Notable improvements in both the glass-forming ability (GFA) and ambient temperature compressive ductility of Zr-based metallic glasses due to hydrogen microalloying have been reported by Granata et al. [1]. These two aspects of amorphous materials are considered to be mutually opposing properties in a metallic glass-forming system, usually explained via structural short-range order, local symmetry, structural free-volume and bonding character. To fundamentally understand why hydrogen simultaneously enhances GFA and ductility, ab initio molecular dynamic simulations were carried out on a Zr64Cu22Al12 alloy to assess how this element affects the local atomic configuration, electronic structure, chemical bonding and atomic transport processes.

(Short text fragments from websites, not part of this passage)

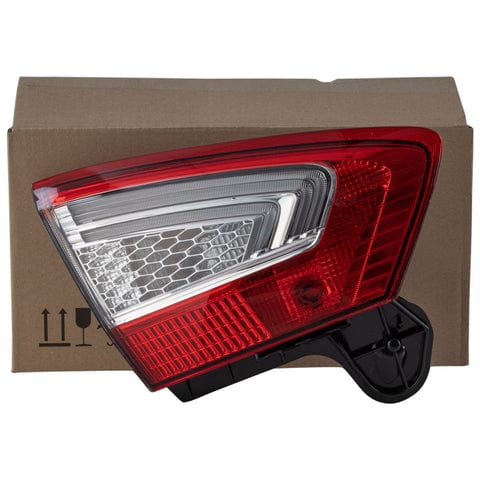 GENUINE FORD 1744244 MONDEO INNER REAR N/S LEFT LIGHT TAIL LAMP CLUSTER | ML Performance UK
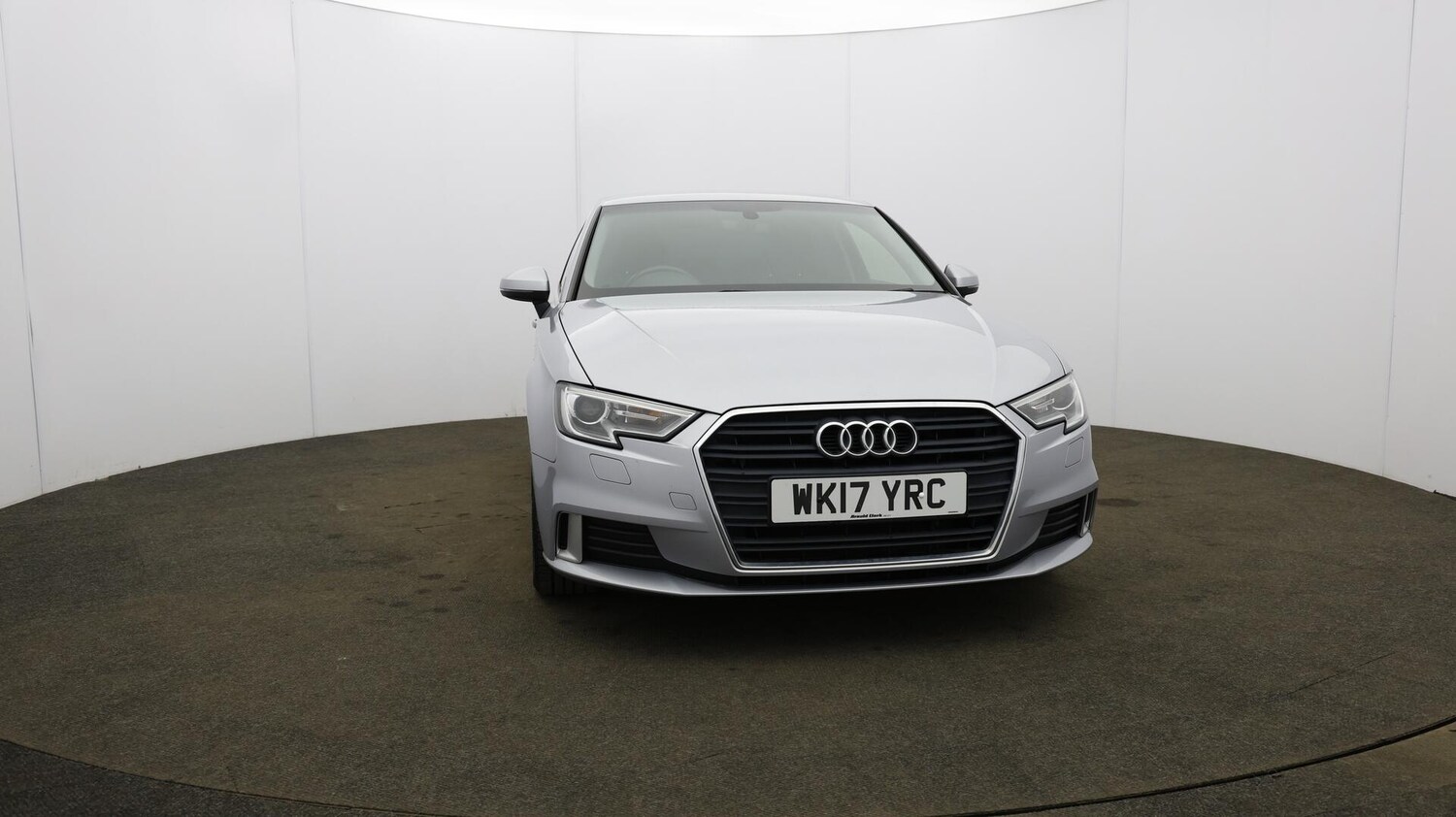 Used Audi A3 2017 for sale - 76121558: Photo 44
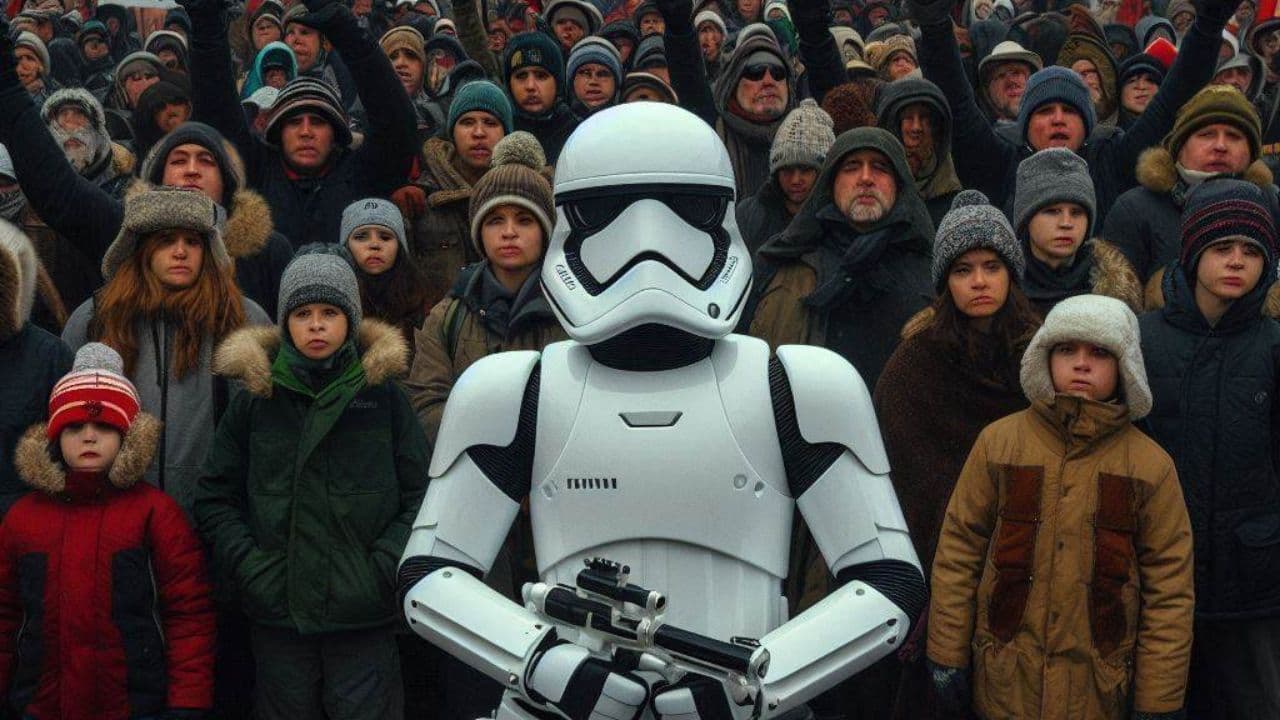 Star Wars Fans Rally for The Acolyte Season 2 Renewal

It is revealed that, while the addition of 1.5at.% H decreases the icosahedral order of the supercooled liquid over the entire temperature range studied, it decreases the diffusivity of the metallic constituents over the temperature range where heterogeneous nucleation is expected to occur. In this tradeoff between local structural stability and depressed crystal nucleation dynamics, the latter dominates in the H-containing alloy and the capacity for glass formation is enhanced. In addition, H was found to increase iconicity of the base glassy alloy, promote heterogeneity in the local structure and increase metallicity. In the competition between these opposing tendencies of chemical bonding and local structure to determine mechanical properties, the latter prevails and explains the experimentally-observed improvement in compressive ductility.